0–5 minutes:    poll every 5s
5 min – 1 h:    back off gradually toward 1 min
≥ 1 h:          cap at 3 min between polls

A typical task completes in a few minutes. The worker's wall-clock cap is 48 hours, comfortably above any realistic queue.

Pricing

Per generation. 720p and 1080p share the same rate; only 4K is uplifted.

Resolution	4s	6s	8s	10s
`720p` / `1080p`	$0.18	$0.204	$0.216	$0.24
`4k`	$0.36	$0.408	$0.432	$0.48

Bill formula (1 credit = $0.001):

credits = ceil(per_generation_usd × 1000)

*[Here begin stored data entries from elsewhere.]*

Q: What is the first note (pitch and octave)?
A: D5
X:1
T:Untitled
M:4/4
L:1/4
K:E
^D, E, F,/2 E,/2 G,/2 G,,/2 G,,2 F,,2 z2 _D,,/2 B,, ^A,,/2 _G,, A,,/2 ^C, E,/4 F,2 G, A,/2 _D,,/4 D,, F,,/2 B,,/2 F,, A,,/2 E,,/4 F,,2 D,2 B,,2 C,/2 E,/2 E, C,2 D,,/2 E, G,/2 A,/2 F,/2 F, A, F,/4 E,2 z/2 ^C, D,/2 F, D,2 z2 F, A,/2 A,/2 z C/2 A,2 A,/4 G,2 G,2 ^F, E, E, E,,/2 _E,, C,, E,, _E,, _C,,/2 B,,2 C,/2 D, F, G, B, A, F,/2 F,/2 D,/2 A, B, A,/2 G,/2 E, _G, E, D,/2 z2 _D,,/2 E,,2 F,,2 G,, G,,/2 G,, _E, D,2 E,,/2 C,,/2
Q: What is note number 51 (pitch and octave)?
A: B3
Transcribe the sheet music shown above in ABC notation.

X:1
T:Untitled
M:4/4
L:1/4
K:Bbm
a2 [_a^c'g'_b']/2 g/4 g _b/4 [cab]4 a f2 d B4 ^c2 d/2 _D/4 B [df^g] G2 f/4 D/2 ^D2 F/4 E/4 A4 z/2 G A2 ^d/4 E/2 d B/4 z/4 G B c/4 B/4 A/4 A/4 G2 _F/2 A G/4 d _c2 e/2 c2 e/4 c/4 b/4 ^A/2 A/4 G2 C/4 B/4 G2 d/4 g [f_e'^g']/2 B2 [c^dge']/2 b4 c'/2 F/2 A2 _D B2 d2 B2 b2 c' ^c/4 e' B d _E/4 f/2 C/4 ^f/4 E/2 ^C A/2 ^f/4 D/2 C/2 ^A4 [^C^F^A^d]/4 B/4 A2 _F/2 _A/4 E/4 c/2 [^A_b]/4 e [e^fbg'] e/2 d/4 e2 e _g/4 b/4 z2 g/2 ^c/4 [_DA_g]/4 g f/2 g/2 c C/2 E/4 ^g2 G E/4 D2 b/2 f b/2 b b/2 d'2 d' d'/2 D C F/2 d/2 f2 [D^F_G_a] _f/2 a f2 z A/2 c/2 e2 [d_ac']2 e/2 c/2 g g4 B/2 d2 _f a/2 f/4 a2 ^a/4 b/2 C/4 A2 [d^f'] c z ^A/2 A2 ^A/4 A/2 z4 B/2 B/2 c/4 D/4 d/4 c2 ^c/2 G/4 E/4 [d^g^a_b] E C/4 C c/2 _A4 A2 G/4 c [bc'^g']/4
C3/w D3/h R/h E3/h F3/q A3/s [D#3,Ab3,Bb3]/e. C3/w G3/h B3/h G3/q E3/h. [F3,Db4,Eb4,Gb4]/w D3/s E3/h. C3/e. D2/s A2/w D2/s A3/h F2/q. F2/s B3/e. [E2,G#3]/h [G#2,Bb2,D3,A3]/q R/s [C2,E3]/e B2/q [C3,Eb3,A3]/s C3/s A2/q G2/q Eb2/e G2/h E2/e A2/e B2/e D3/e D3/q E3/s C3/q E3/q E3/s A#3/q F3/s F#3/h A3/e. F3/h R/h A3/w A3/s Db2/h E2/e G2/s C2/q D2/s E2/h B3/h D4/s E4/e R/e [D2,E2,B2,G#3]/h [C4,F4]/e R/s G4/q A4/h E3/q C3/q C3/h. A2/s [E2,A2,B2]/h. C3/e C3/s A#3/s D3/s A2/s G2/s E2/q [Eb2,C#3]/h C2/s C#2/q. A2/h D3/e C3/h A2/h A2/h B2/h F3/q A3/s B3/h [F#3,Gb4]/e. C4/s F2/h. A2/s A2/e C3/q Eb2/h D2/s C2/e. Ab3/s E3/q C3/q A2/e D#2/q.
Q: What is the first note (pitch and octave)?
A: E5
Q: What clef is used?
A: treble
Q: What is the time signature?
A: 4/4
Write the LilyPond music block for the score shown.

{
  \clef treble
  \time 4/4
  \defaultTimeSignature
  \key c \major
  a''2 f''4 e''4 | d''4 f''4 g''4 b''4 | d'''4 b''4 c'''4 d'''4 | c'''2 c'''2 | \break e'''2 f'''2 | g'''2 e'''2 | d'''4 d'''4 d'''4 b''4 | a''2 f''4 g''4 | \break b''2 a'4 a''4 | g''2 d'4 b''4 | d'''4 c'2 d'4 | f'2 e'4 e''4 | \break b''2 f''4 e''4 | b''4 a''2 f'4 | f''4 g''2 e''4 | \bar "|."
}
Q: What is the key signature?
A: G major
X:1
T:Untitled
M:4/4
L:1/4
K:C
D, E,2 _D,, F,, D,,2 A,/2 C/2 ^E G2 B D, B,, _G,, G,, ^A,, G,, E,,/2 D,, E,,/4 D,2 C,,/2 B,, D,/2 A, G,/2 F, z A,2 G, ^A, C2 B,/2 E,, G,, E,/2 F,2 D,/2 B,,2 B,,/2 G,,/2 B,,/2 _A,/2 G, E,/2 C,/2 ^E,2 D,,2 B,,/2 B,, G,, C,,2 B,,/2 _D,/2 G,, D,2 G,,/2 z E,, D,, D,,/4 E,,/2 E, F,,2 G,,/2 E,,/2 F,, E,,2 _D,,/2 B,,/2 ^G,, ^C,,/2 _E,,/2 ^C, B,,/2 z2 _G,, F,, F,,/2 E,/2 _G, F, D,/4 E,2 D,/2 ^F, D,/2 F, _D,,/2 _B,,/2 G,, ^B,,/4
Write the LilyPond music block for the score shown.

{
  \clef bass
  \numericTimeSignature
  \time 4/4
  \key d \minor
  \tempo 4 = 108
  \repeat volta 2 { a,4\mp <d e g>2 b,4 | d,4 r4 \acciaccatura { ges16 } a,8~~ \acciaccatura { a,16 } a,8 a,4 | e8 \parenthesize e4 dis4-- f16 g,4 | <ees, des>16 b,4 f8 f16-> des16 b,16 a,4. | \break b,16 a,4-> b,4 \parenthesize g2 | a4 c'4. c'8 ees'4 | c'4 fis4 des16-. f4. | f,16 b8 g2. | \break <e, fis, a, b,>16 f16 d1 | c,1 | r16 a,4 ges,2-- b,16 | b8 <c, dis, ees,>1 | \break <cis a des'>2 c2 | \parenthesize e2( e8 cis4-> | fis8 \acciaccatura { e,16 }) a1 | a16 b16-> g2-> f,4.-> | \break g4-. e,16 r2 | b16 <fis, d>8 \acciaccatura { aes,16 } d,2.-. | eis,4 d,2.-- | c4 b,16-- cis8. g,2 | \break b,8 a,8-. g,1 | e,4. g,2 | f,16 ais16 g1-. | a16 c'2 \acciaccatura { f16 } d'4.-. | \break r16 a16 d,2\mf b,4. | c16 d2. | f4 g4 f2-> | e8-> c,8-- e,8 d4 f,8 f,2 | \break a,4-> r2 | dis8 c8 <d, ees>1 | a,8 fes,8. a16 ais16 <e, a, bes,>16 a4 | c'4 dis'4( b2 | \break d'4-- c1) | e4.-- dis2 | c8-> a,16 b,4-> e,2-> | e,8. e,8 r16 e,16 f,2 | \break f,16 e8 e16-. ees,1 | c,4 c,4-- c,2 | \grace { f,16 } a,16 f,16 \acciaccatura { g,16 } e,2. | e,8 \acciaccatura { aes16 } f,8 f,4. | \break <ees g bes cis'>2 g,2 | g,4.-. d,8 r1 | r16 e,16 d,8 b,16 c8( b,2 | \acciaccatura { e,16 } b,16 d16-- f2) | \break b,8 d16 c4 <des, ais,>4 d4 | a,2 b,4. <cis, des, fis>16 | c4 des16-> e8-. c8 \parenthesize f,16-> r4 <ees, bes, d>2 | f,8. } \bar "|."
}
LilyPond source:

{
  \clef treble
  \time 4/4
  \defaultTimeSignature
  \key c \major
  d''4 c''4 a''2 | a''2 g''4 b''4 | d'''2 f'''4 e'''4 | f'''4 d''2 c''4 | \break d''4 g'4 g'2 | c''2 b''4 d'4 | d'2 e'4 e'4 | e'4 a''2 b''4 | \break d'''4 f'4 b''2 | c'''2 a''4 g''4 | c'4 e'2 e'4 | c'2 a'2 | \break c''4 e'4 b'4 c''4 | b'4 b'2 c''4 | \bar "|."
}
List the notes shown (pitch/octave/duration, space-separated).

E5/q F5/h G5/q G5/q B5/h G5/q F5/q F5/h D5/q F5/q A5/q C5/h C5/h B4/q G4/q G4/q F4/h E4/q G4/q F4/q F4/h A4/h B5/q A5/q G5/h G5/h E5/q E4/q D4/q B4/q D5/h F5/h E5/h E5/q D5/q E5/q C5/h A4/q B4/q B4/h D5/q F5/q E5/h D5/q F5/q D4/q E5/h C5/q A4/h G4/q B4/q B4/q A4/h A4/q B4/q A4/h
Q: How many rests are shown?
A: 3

Failed jobs refund automatically. See the model page for the live price.

Tips

Prompt motion, not just scene. "Slow push-in, warm tones, shallow depth of field" outperforms a pure noun-list of what's on screen.
Pick 720p first if you're iterating. It's the same per-generation price as 1080p, but renders faster and lets you change your mind on the final tier without re-doing the bill math.
Three-image fusion needs cohesive references. Pick three images that share lighting and composition cues — the model fuses them more cleanly than three random shots.
Pick 4K only when shipping. A 4K render is roughly 2× the cost of 720p / 1080p; reserve it for the final keeper.